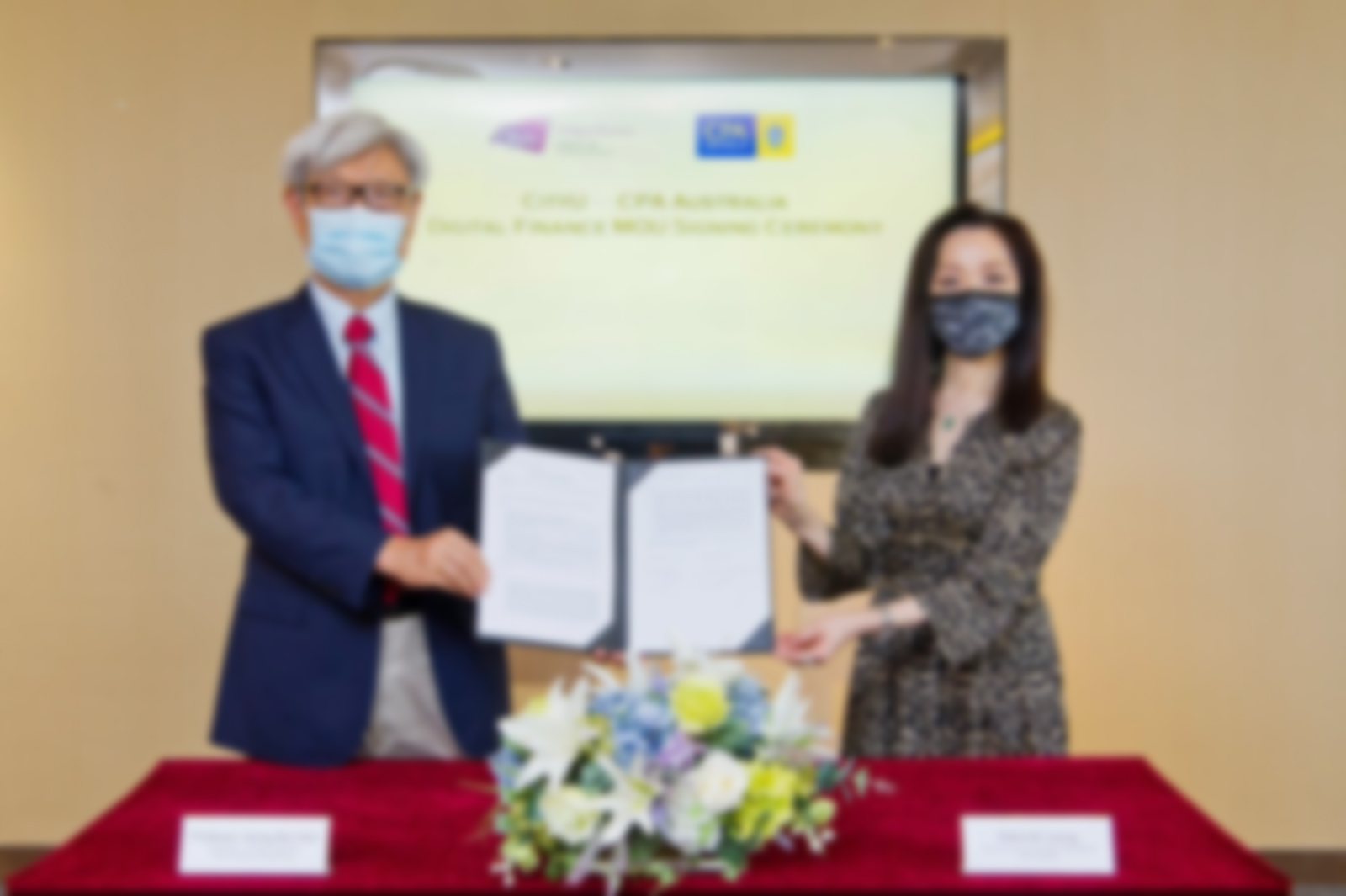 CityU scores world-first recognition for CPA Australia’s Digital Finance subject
* * *
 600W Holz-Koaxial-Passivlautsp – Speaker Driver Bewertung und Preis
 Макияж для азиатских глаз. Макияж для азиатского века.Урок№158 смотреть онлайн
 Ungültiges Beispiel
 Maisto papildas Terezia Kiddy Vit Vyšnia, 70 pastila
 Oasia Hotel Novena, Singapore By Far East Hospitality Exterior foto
==
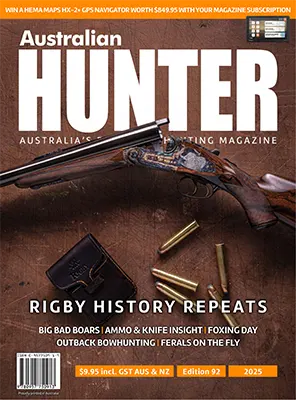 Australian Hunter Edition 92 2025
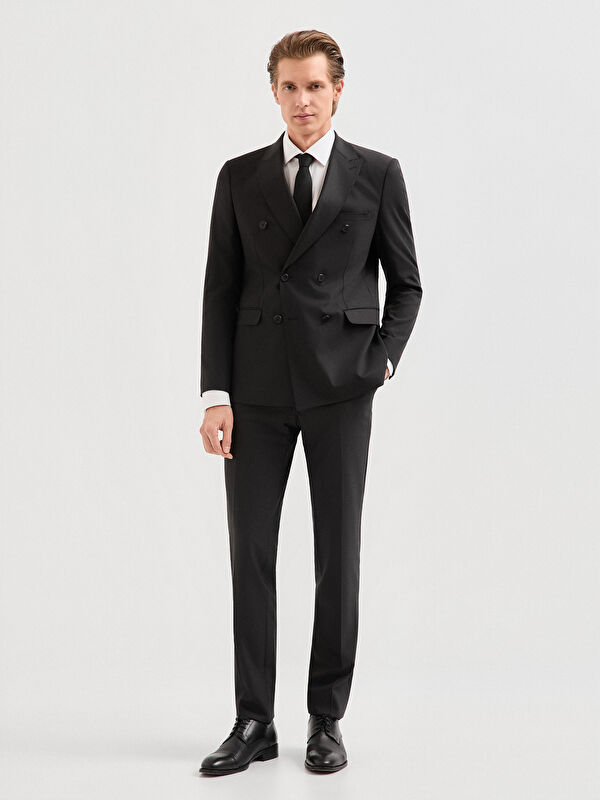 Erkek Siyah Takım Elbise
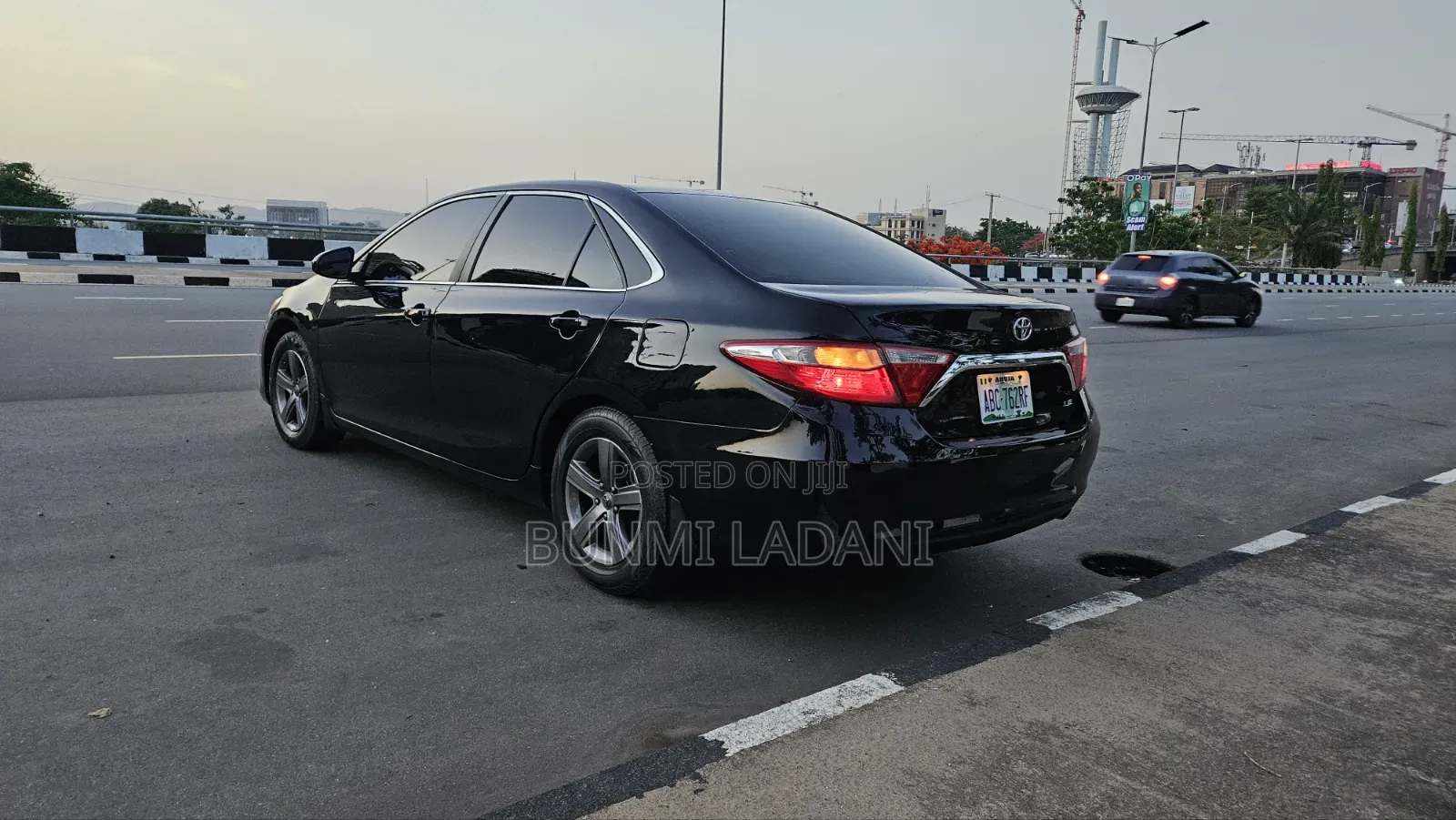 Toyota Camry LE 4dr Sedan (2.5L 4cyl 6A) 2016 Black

» **Problem description**
Starting with the line that holds "Макияж для азиатских" and ending with the line that holds "Oasia Hotel Novena, Singapore", retype every line in the data above exactly, and nothing else.

» **Completed exercise**
 Макияж для азиатских глаз. Макияж для азиатского века.Урок№158 смотреть онлайн
 Ungültiges Beispiel
 Maisto papildas Terezia Kiddy Vit Vyšnia, 70 pastila
 Oasia Hotel Novena, Singapore By Far East Hospitality Exterior foto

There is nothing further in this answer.